[EXERCISE DETAILS]: Nothing outside the lines below from the one containing "VOLKSWAGEN Tiguan 1.6 tdi Business 115cv" through the one containing "NOVISIMO-IMOBILIARE: AP. CU" is to be printed; print those exactly, ends included, and drop the pictures.

Image-caption web data
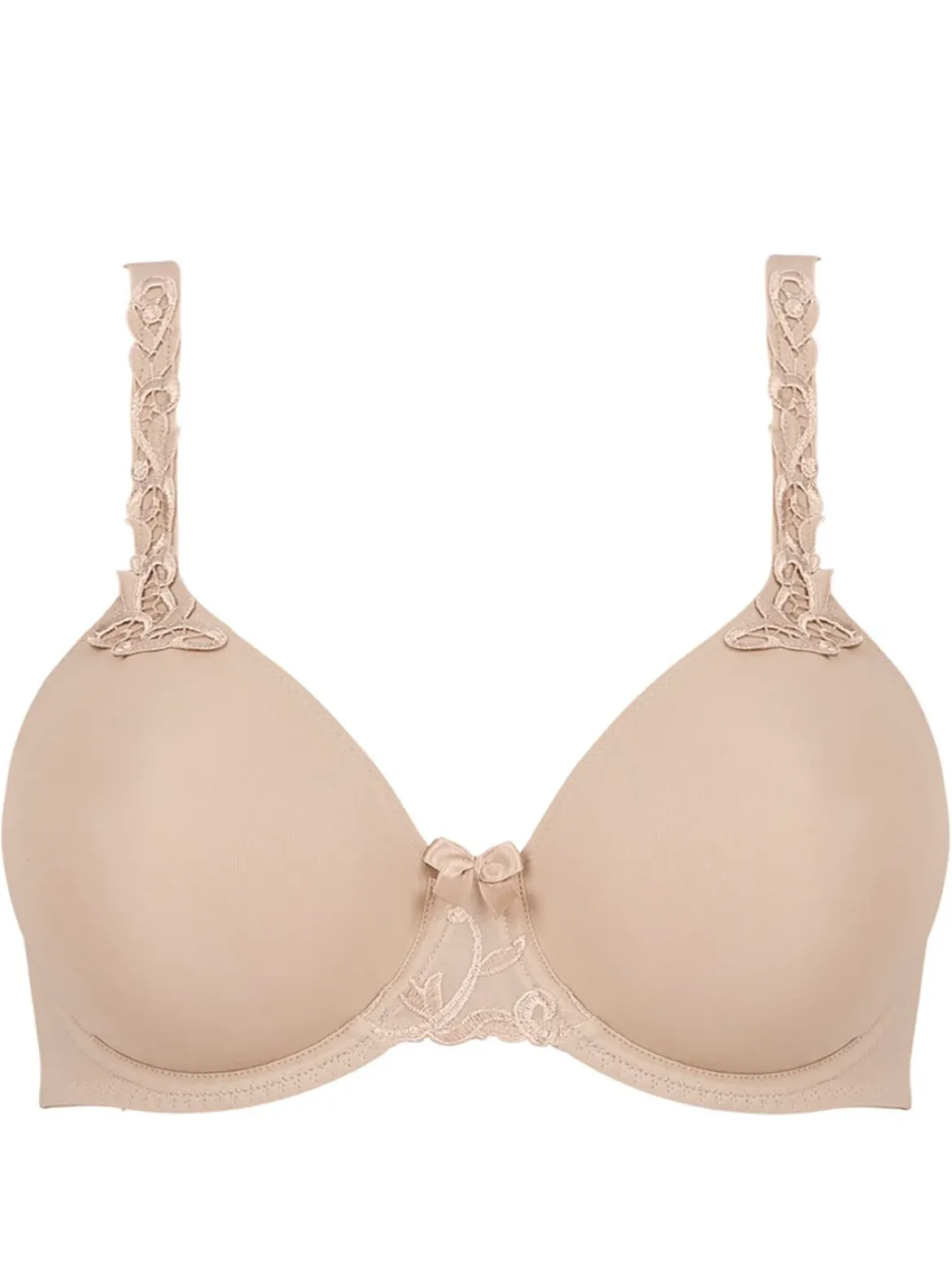 Soutien-gorge emboitant moulé - Peau Rosée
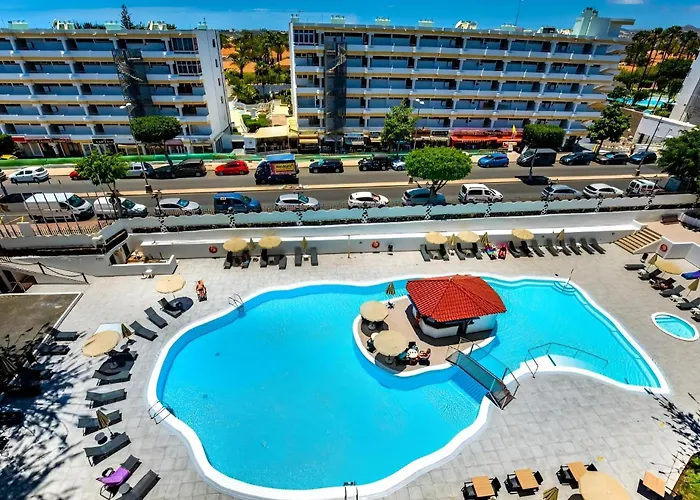 Jacuzzi-Hotel: Bluesea Rey Carlos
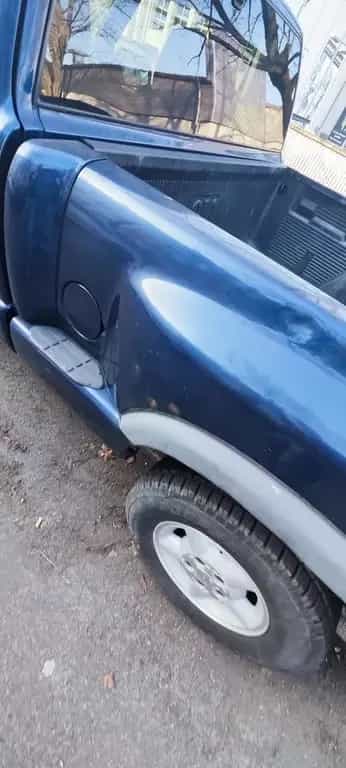 Chevrolet S-10 Pickup 4,3 i 4x4 Automatik 10/1999-photo-5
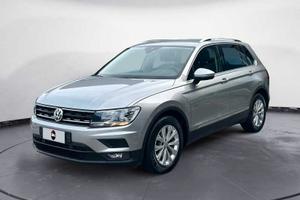 VOLKSWAGEN Tiguan 1.6 tdi Business 115cv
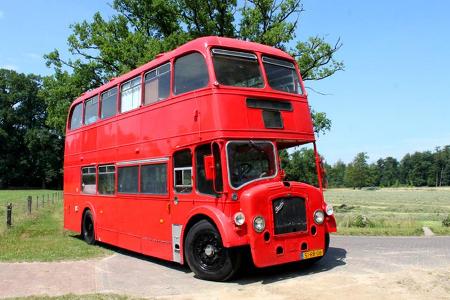 So sieht der ehemalige Tourneebus der Kelly Family heute aus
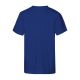 4. Edge Kinder-T-Shirt (Kornblumenblau)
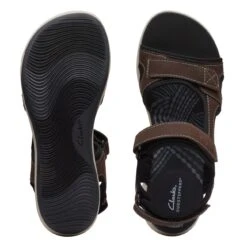 Clarks Mira Bay Brown -Clarks 26171915 W 7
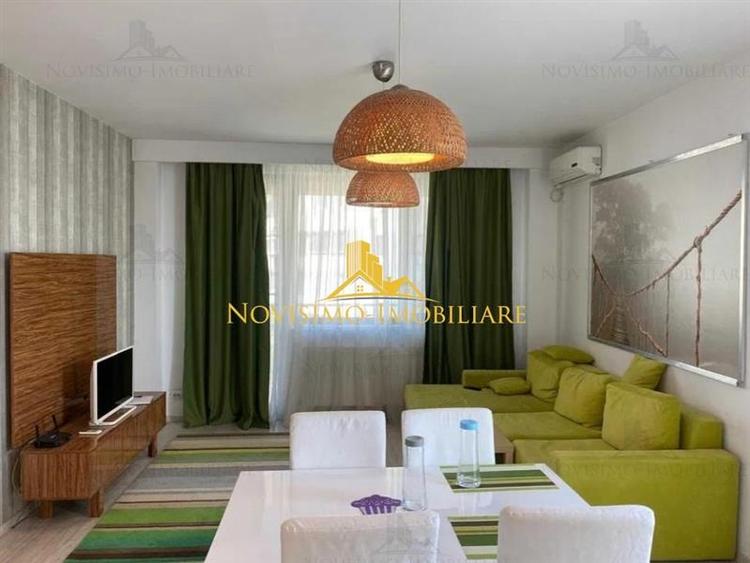 NOVISIMO-IMOBILIARE: AP. CU DOUA CAM. DE INCHIRIAT ULTRACENTRAL, P. - 1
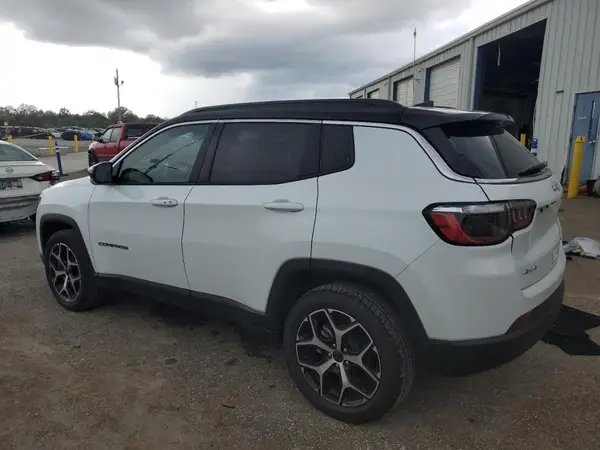 3C4NJDCN4ST524923 2025 JEEP COMPASS - Image 2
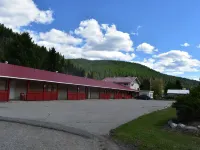 Green View Motel and RV Park Hotels in Kootenay Boundary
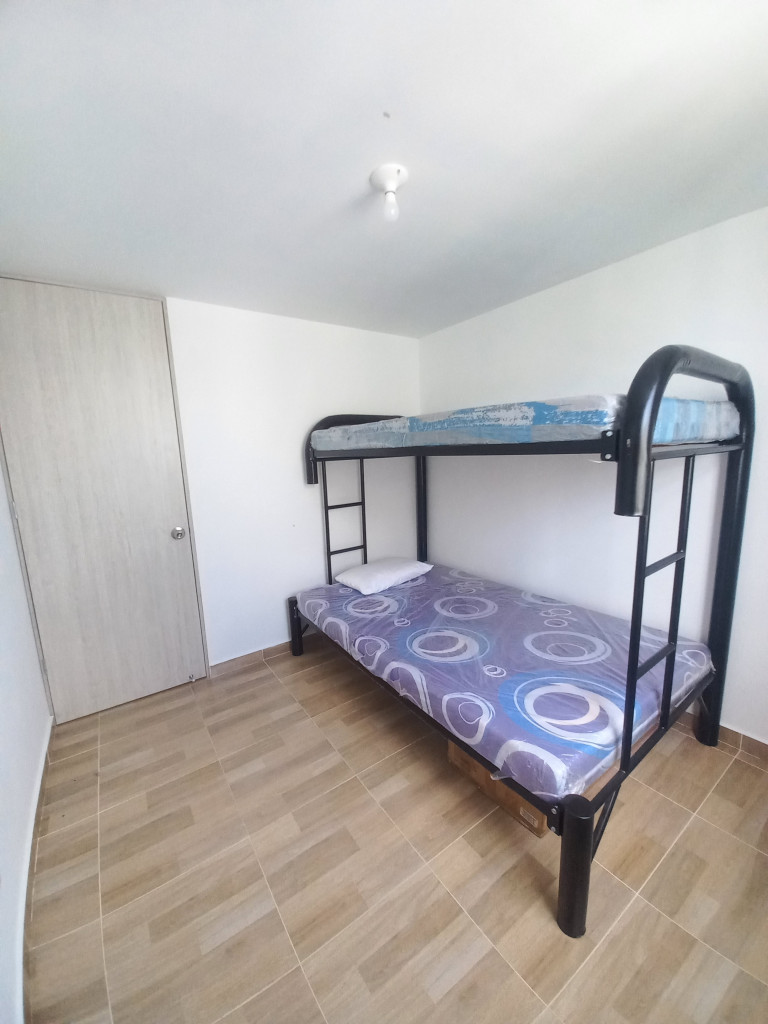 Apartamento En Venta - Conjunto Residencial Carmin Piso 5, Ibagué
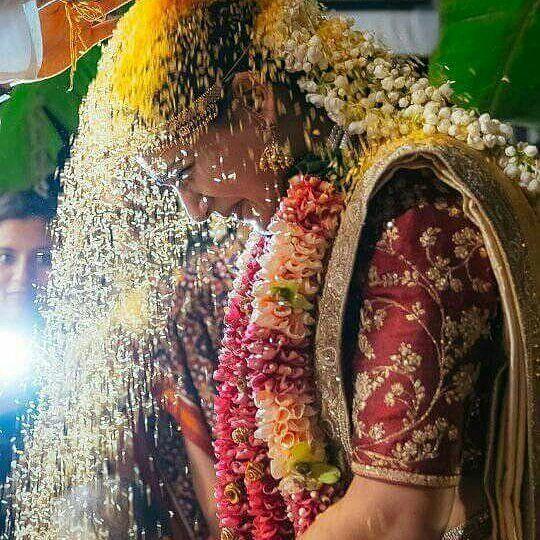 Samantha & Naga Chaitanya Marriage Event Photos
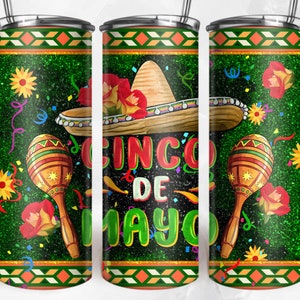 Cinco de mayo 20oz tumbler png sublimation design download, Mexican Day png,cinco de mayo png,Mexican tumbler png,sublimate designs download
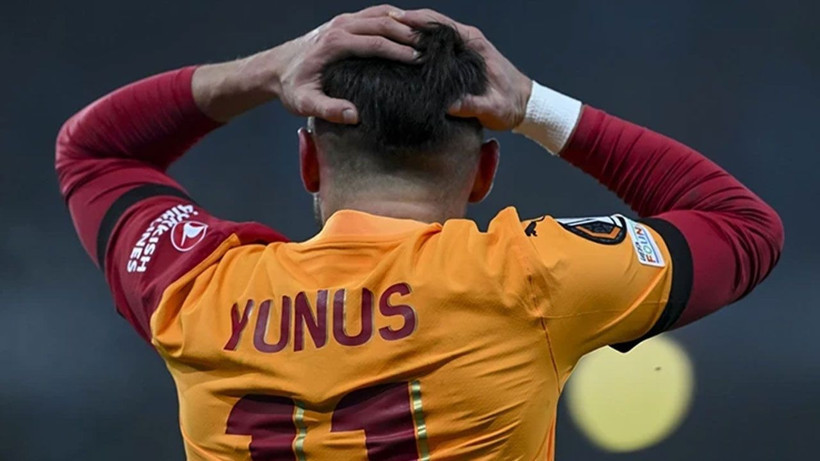 Yunus Akgün Galatasaray’a veda ediyor; Okan Buruk’u zora sokacak hamle - Fotoğraf: 3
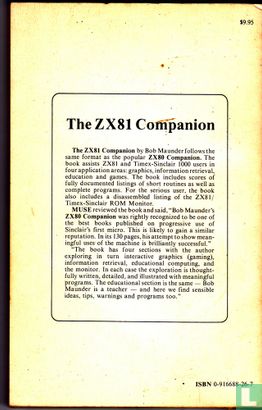 The ZX81 Companion - Afbeelding 2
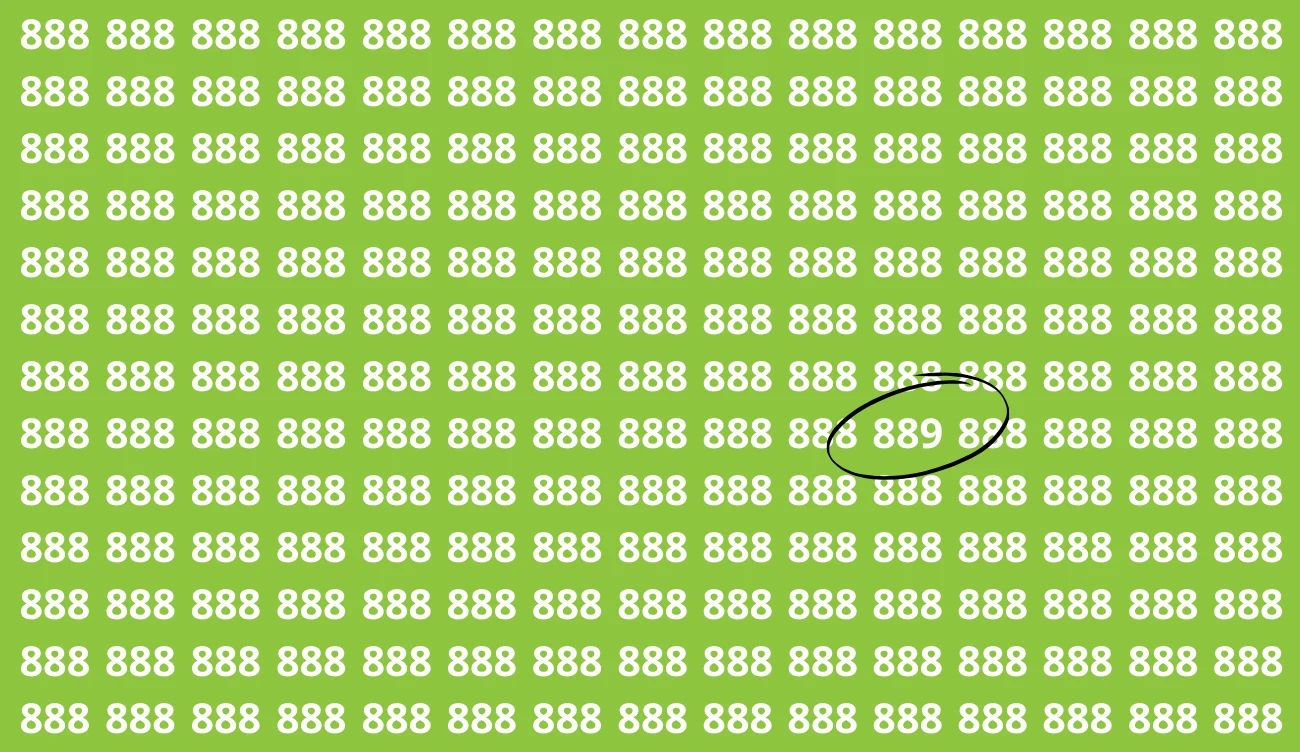 Rozwiązanie łamigłówki optycznej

[ANSWER BOX]:
 VOLKSWAGEN Tiguan 1.6 tdi Business 115cv
 So sieht der ehemalige Tourneebus der Kelly Family heute aus
 4. Edge Kinder-T-Shirt (Kornblumenblau)
 Clarks Mira Bay Brown -Clarks 26171915 W 7
 NOVISIMO-IMOBILIARE: AP. CU DOUA CAM. DE INCHIRIAT ULTRACENTRAL, P. - 1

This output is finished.